**EXERCISE DESCRIPTION:** Make an exact transcript of the lines in the data below, starting with the one containing "Turm auf einer Insel am Meer" and going on through the one containing "Leningrad Acacia Chess", with both included and the pictures left out.

**MATERIAL FOR THIS EXERCISE:**
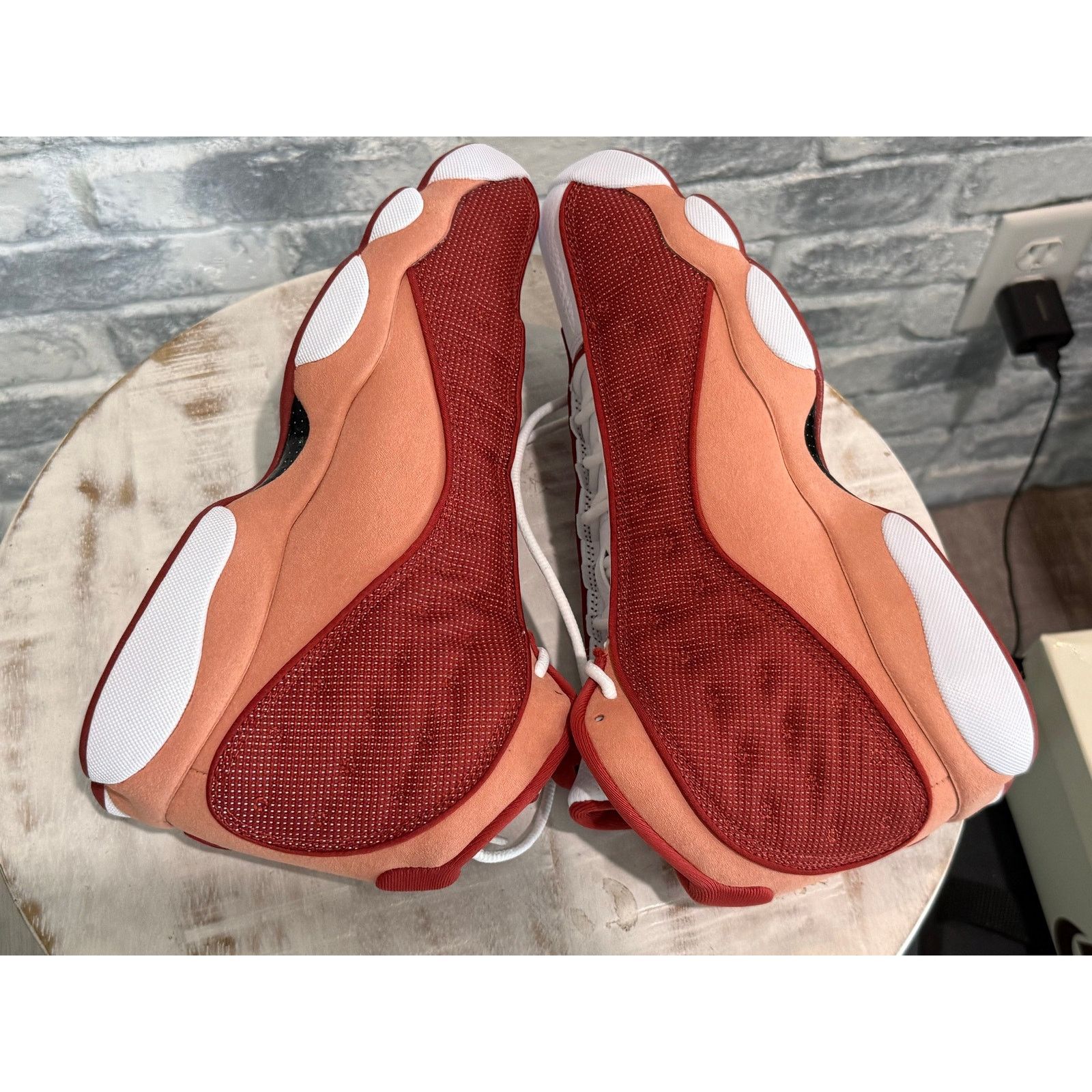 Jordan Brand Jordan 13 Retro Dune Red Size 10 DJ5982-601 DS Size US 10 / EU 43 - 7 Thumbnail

==

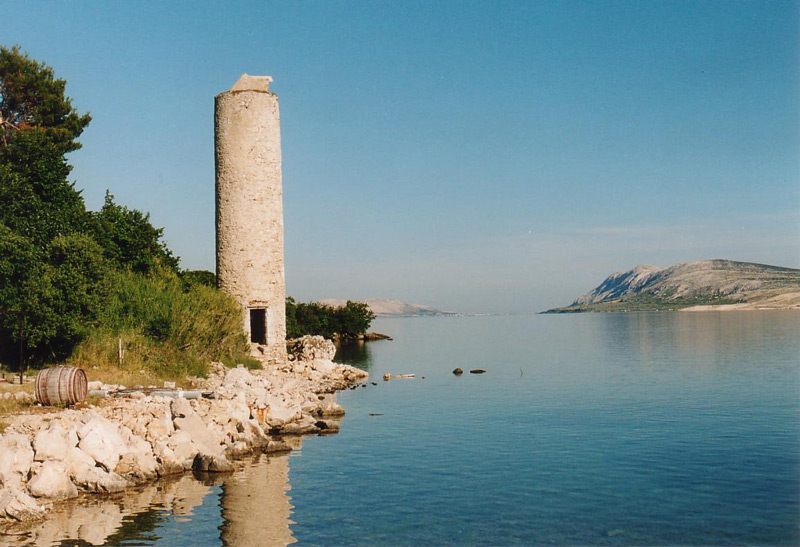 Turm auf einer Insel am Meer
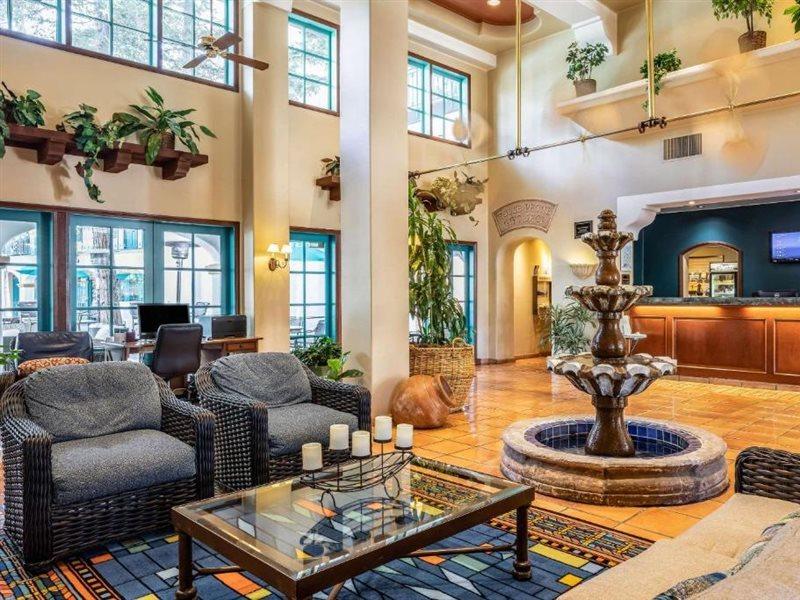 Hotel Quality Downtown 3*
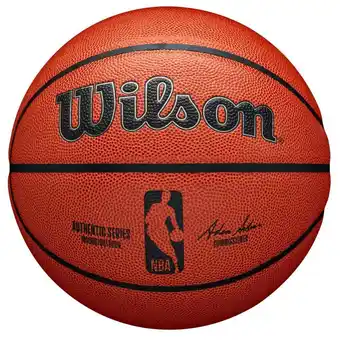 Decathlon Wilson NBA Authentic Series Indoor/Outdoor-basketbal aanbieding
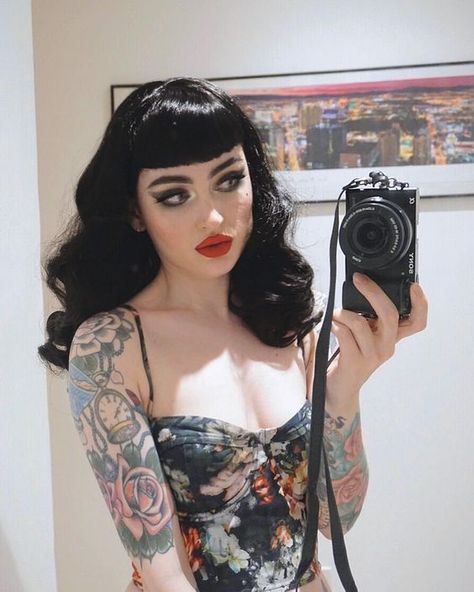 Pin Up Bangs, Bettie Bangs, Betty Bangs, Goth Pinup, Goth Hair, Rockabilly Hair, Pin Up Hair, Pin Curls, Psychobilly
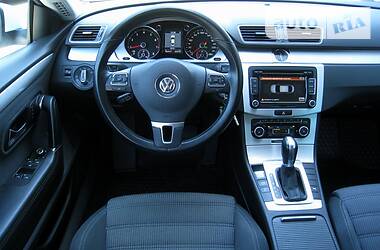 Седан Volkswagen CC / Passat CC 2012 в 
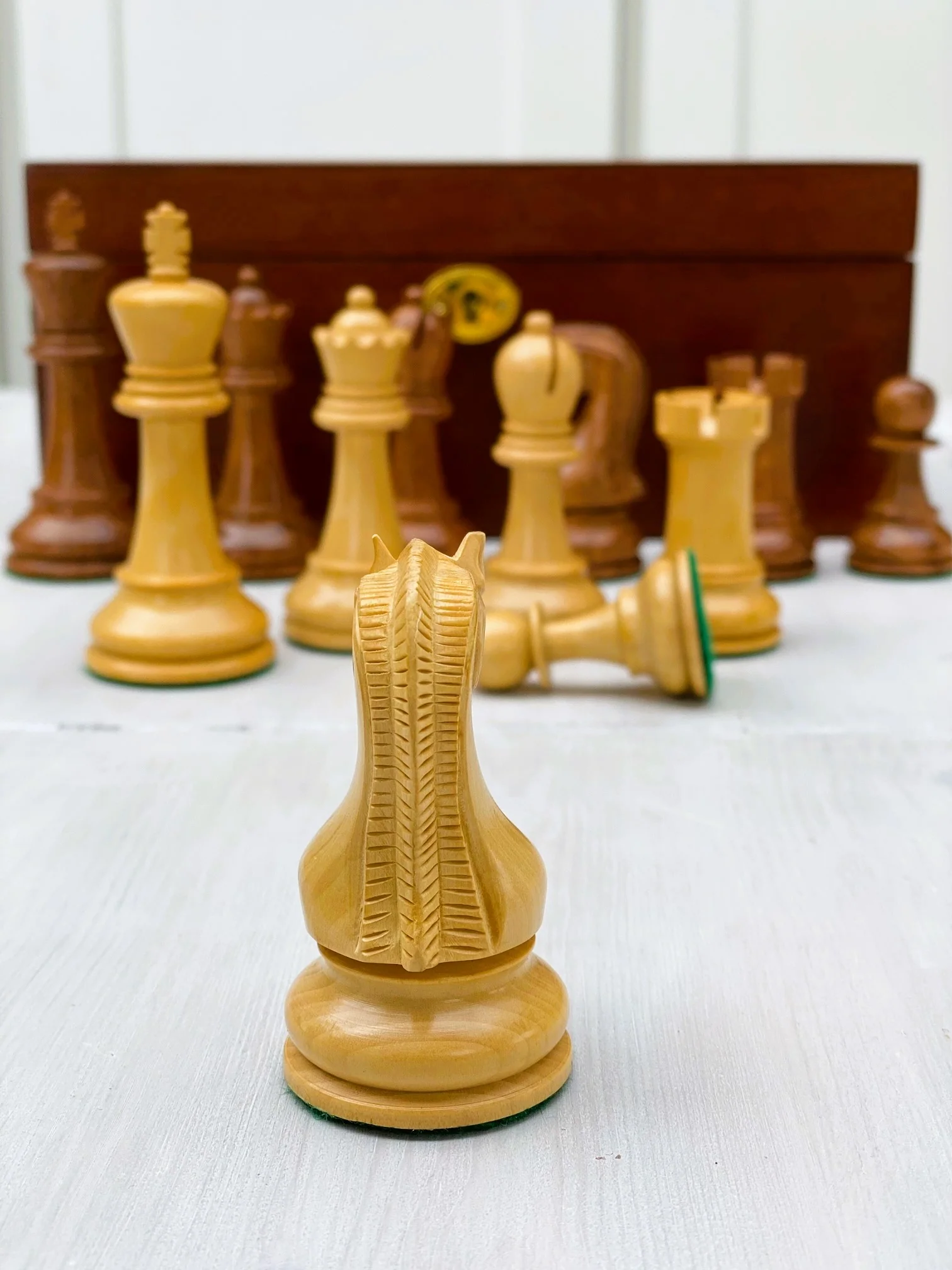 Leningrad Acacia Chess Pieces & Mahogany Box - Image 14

**PROBLEM SOLUTION:**
 Turm auf einer Insel am Meer
 Hotel Quality Downtown 3*
 Decathlon Wilson NBA Authentic Series Indoor/Outdoor-basketbal aanbieding
 Pin Up Bangs, Bettie Bangs, Betty Bangs, Goth Pinup, Goth Hair, Rockabilly Hair, Pin Up Hair, Pin Curls, Psychobilly
 Седан Volkswagen CC / Passat CC 2012 в 
 Leningrad Acacia Chess Pieces & Mahogany Box - Image 14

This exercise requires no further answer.